This heat can be conducted away from the stator via the cool air
flowing through the air duct.
[0022] In a particularly advantageous specific embodiment of the
present invention, the air duct has an intake duct that permits air
to flow from the surrounding environment into the pump chamber.
Correspondingly, the air duct can also have an outlet duct so that
air can flow out of the pump chamber to the surrounding
environment. While in a first variant, the ambient air is conveyed
back and forth in the air duct, if the air duct is divided into an
intake duct and an outlet duct a directed air flow can be achieved
that always flows only in one direction. Correspondingly, cold air
is supplied from the surrounding environment via the intake duct,
while the heated air is emitted to the surrounding environment via
the outlet duct.
[0023] In order to support the directed air flow, it is
particularly advantageous if a check valve that permits air flow in
only one direction is situated in the intake duct and/or in the
outlet duct.
[0024] In an advantageous development of the present invention, a
storage device is provided that stands in communicating connection
with the outlet duct and that is used for the intermediate storage
of at least some of the air flowing out via the outlet duct. The
storage device ensures an equalization of the air pressure
fluctuations that necessarily result from the movement of the pump
element. Pressure peaks can be dismantled through a temporary
storage of air by the storage device. If, in contrast, no air is
supplied by the pump element, the storage device releases the air,
thus providing for an essentially uniform stream of cooling air.
For this purpose, it is useful that an elastic or spring-loaded
element be provided in the storage device that modifies the size of
a storage chamber dependent on the pressure of the air flow
supplied by the pump element.
[0025] Preferably, a cross-section of the outlet duct downstream
from the storage device is, smaller than a cross-section of the
outlet duct upstream from the storage device. This makes it
possible for the air stream conveyed by the pump element to reach
the storage device in an unhindered fashion, in order to fill the
storage device in as loss-free a manner as possible.
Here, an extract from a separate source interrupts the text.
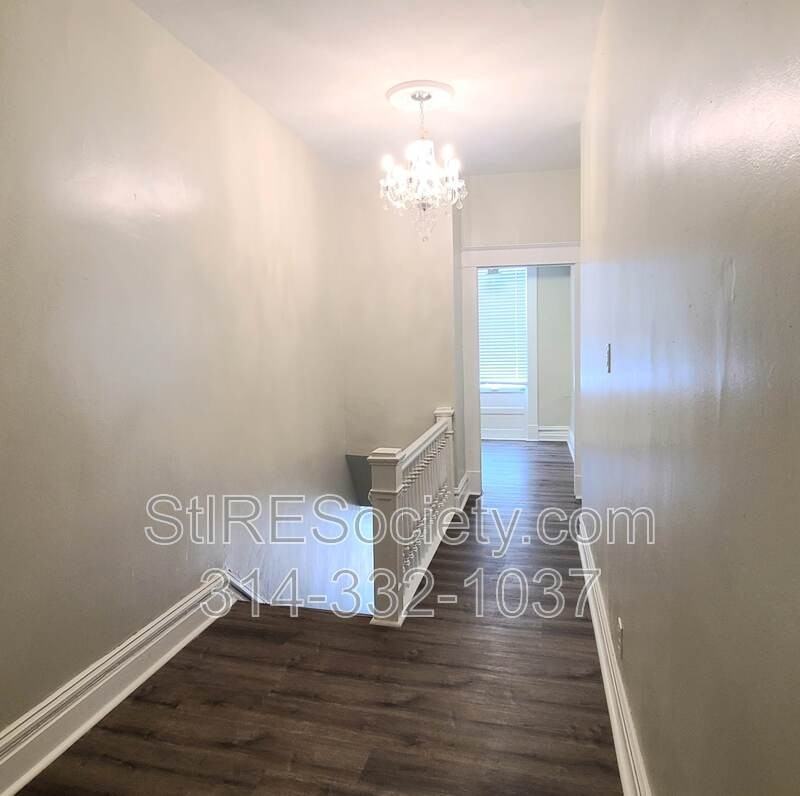 2918 Louisiana Ave - Photo 3 of 14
The actual
cooling air stream is then conducted away via the outlet duct
having the smaller cross-section, this outlet duct being routed
past the heat-producing components.
[0026] In order to support a directed air flow, a check valve can
be situated in the outlet duct between the pump chamber and the
storage device.
[0027] In a particularly advantageous specific embodiment of the
present invention, the pump element is situated behind the drive
element and the runner, seen in the direction of impact.
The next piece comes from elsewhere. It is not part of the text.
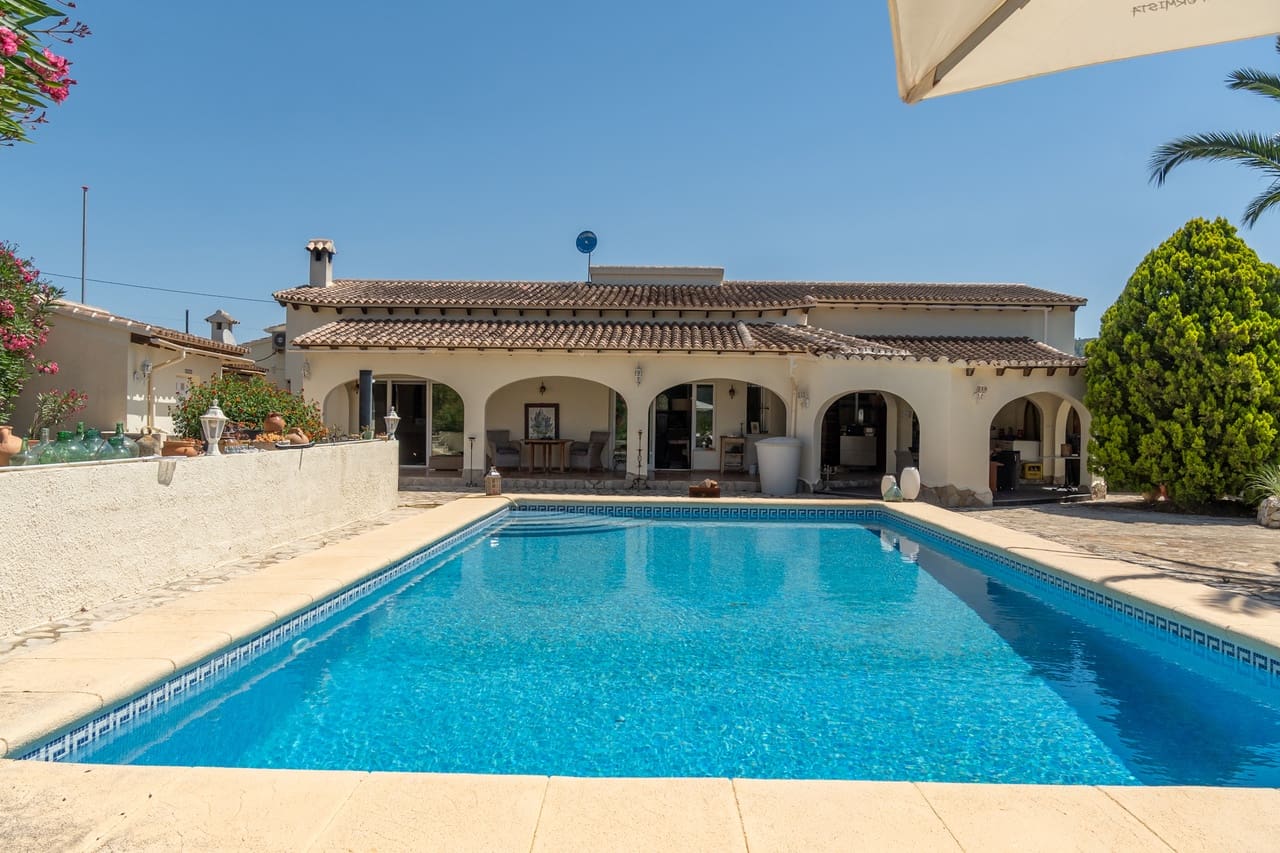3 soveværelse Villa til salg i Lliber med swimmingpool - € 1.250.000 (Ref: 9935210)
Alternatively, the pump element can also be situated next to the
percussion mechanism. Here it should be sought to situate the
air-conveying device in the hammer housing in as space-saving a
manner as possible in order not to increase the constructive
volume, above all the length.
[0028] In a particularly preferred specific embodiment of the
present invention, the percussion mechanism is formed by a
pneumatic spring hammer mechanism. For this purpose, the drive
element is fashioned as a drive piston and the percussion element
is fashioned as a percussion piston, the coupling device having an
air spring formed in a hollow space between the drive piston and
the percussion piston. The air spring thus transmits, in a known
manner, the drive movement of the drive piston to the percussion
piston.
[0029] The coupling according to the present invention of a linear
drive to an air-conveying device can be applied to all types of
percussion mechanisms. In particular, the coupling according to the
present invention is suitable for percussion mechanisms that are
fashioned as pneumatic spring hammer mechanisms, and is thus
suitable for known tube hammer mechanisms (drive piston and
percussion piston having the same diameter), hollow piston
percussion mechanisms (drive piston having a hollow space in which
the percussion piston moves), or percussion mechanisms having a
hollow percussion piston in which the drive piston moves.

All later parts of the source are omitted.